### WHAT THIS TASK INVOLVES
Pictures are to be left out. Return exactly the lines below from the one with "Imagem de AOKUTDA" up to and including the one with "AIRPLANE WITH TAIL".

### DATA PROVIDED

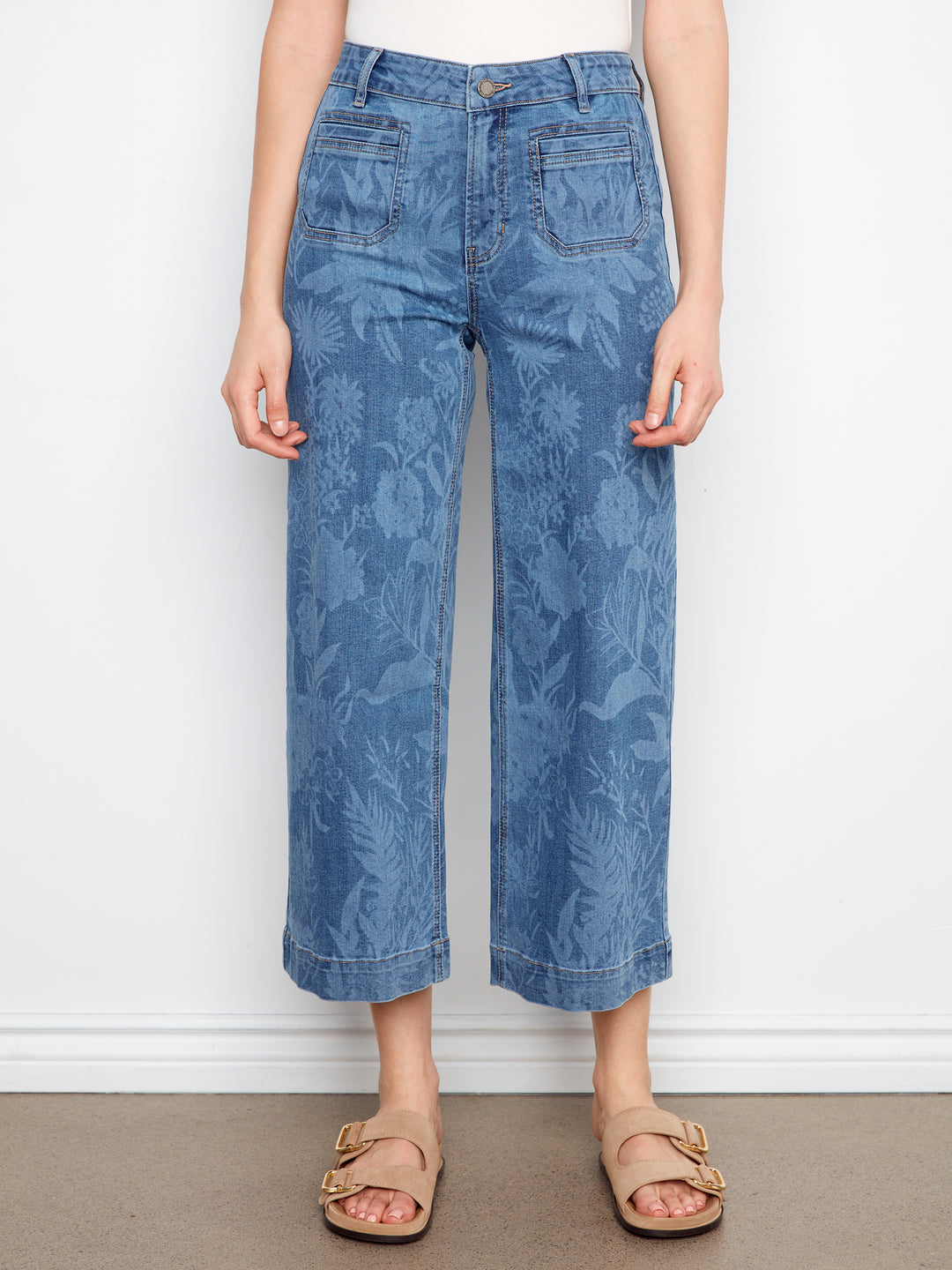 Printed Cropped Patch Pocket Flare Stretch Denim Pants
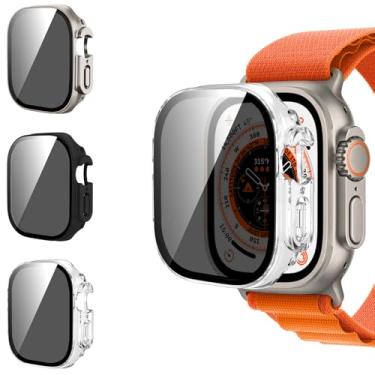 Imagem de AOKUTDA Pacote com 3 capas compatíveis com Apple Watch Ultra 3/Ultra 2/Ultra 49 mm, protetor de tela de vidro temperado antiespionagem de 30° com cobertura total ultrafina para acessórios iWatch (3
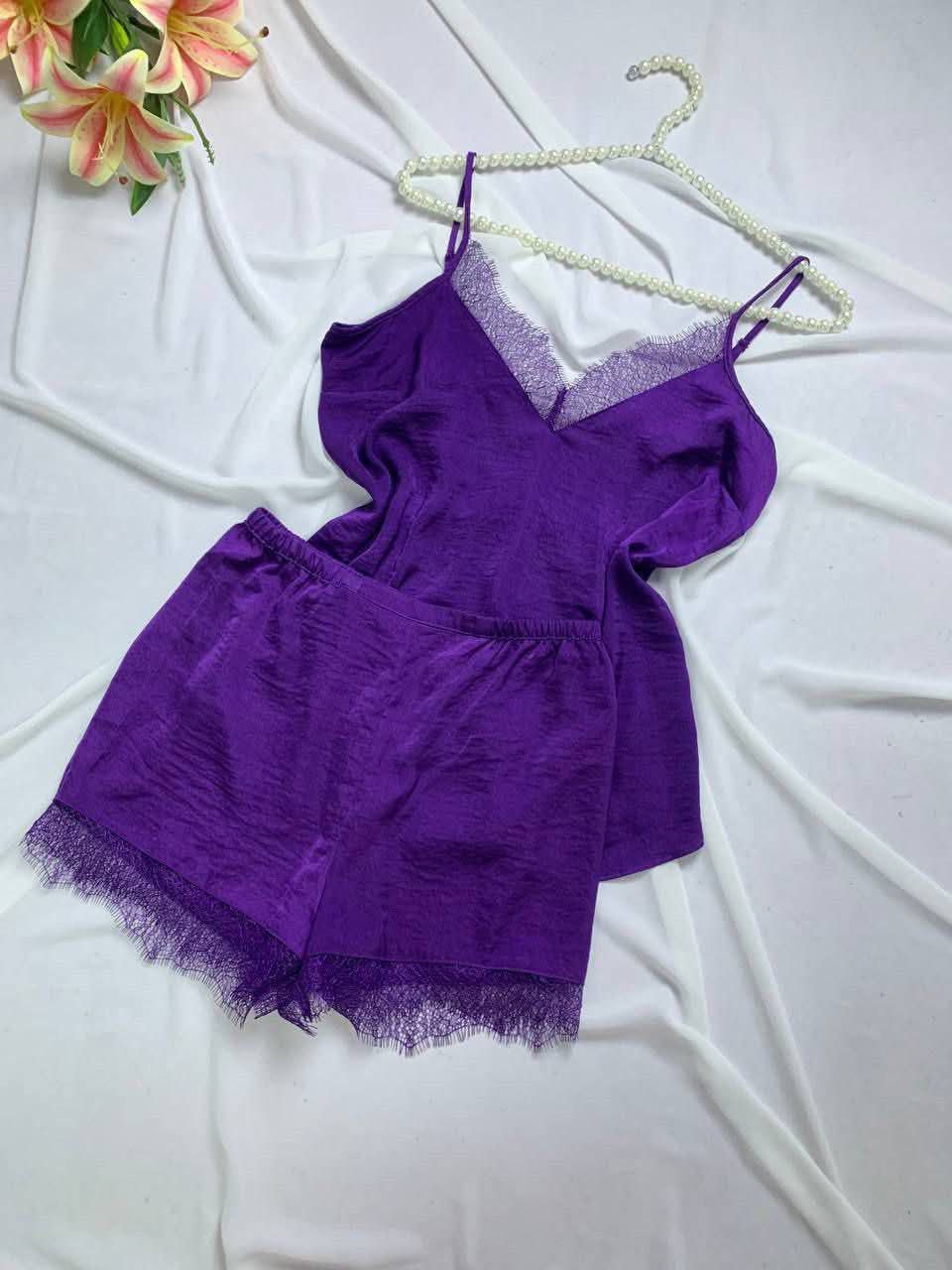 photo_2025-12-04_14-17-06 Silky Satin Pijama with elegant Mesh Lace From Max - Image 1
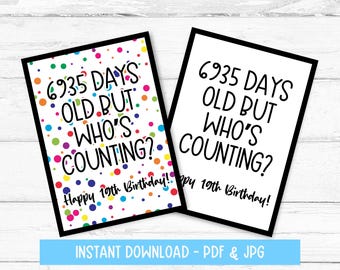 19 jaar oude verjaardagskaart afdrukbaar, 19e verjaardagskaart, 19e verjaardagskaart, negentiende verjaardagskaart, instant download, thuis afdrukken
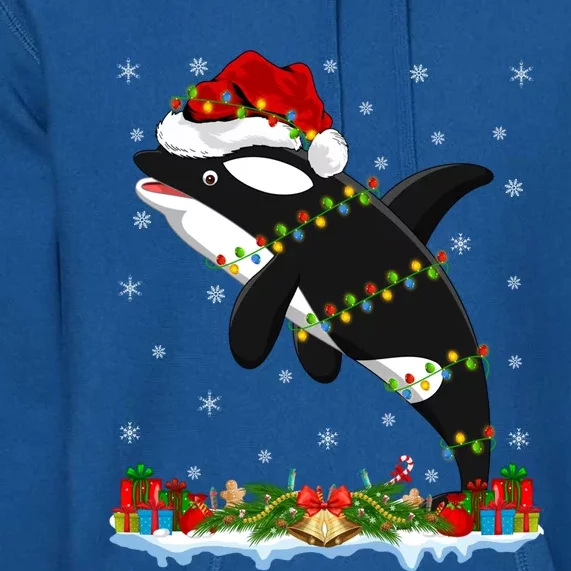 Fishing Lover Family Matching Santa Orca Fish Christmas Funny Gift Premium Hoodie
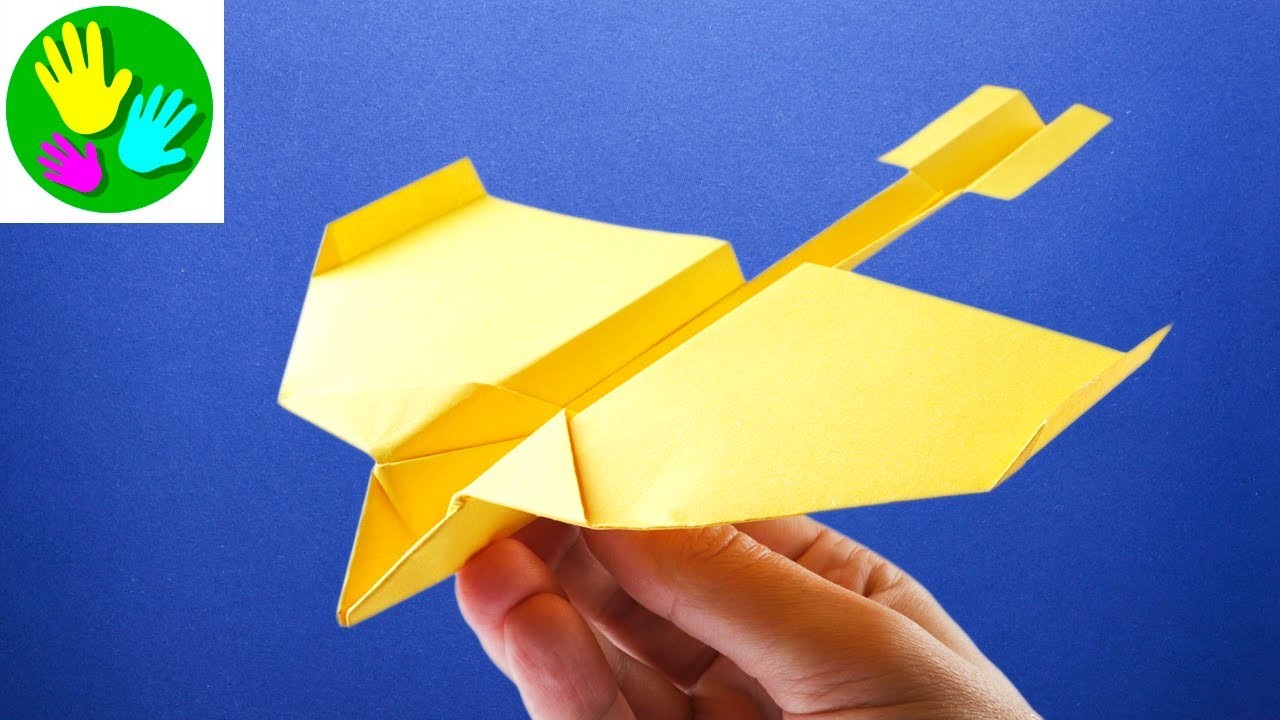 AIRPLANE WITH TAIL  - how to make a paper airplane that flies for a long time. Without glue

* * *

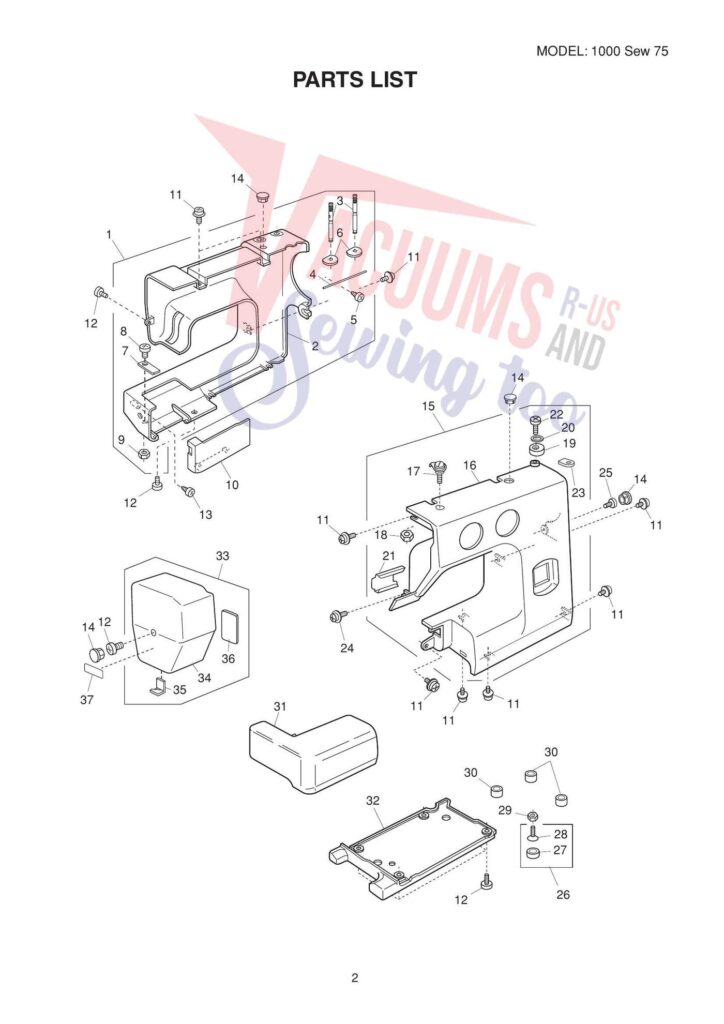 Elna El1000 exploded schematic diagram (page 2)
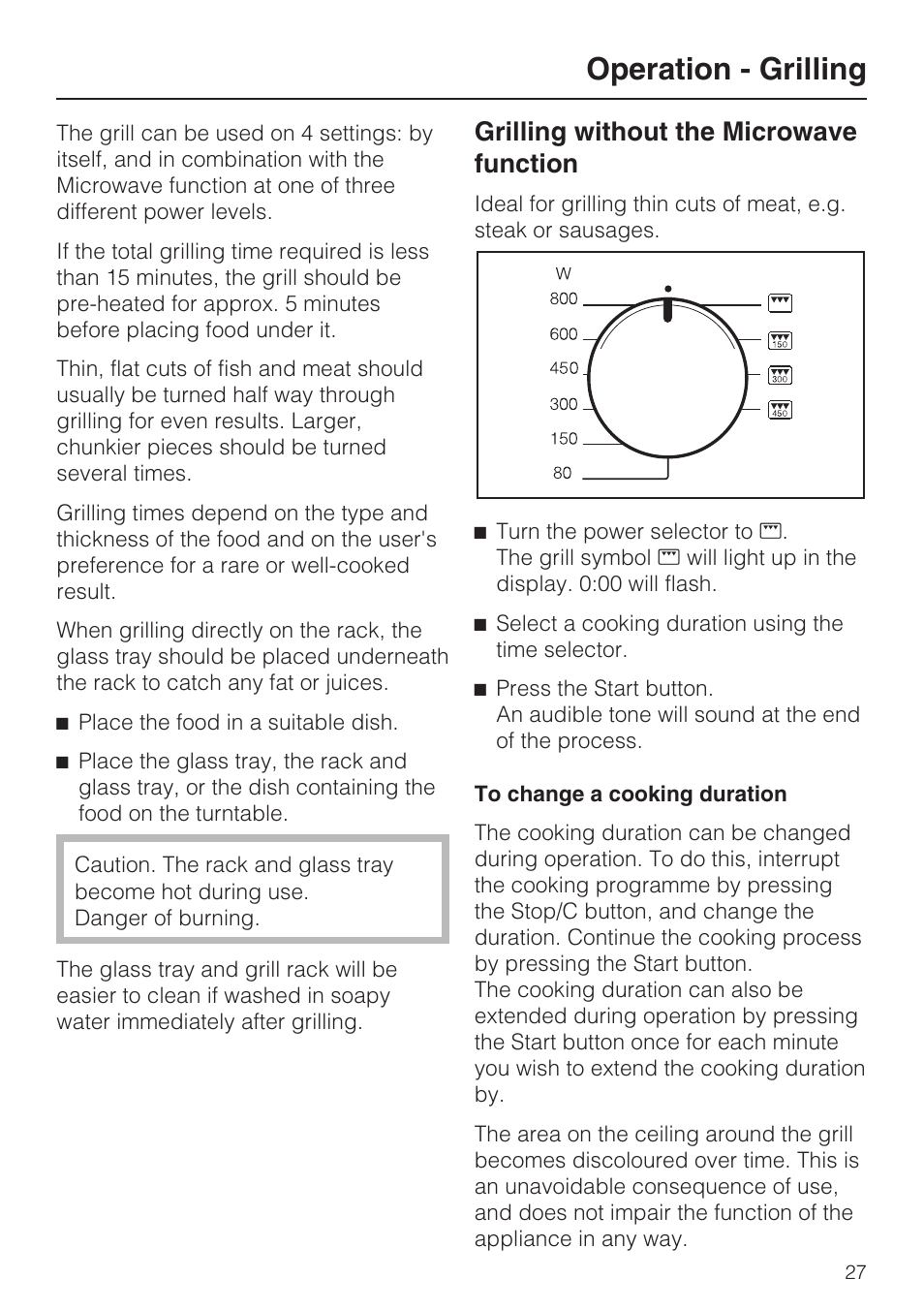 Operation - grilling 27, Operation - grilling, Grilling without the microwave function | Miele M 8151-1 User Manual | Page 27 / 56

### ANSWER SECTION
 Imagem de AOKUTDA Pacote com 3 capas compatíveis com Apple Watch Ultra 3/Ultra 2/Ultra 49 mm, protetor de tela de vidro temperado antiespionagem de 30° com cobertura total ultrafina para acessórios iWatch (3
 photo_2025-12-04_14-17-06 Silky Satin Pijama with elegant Mesh Lace From Max - Image 1
 19 jaar oude verjaardagskaart afdrukbaar, 19e verjaardagskaart, 19e verjaardagskaart, negentiende verjaardagskaart, instant download, thuis afdrukken
 Fishing Lover Family Matching Santa Orca Fish Christmas Funny Gift Premium Hoodie
 AIRPLANE WITH TAIL  - how to make a paper airplane that flies for a long time. Without glue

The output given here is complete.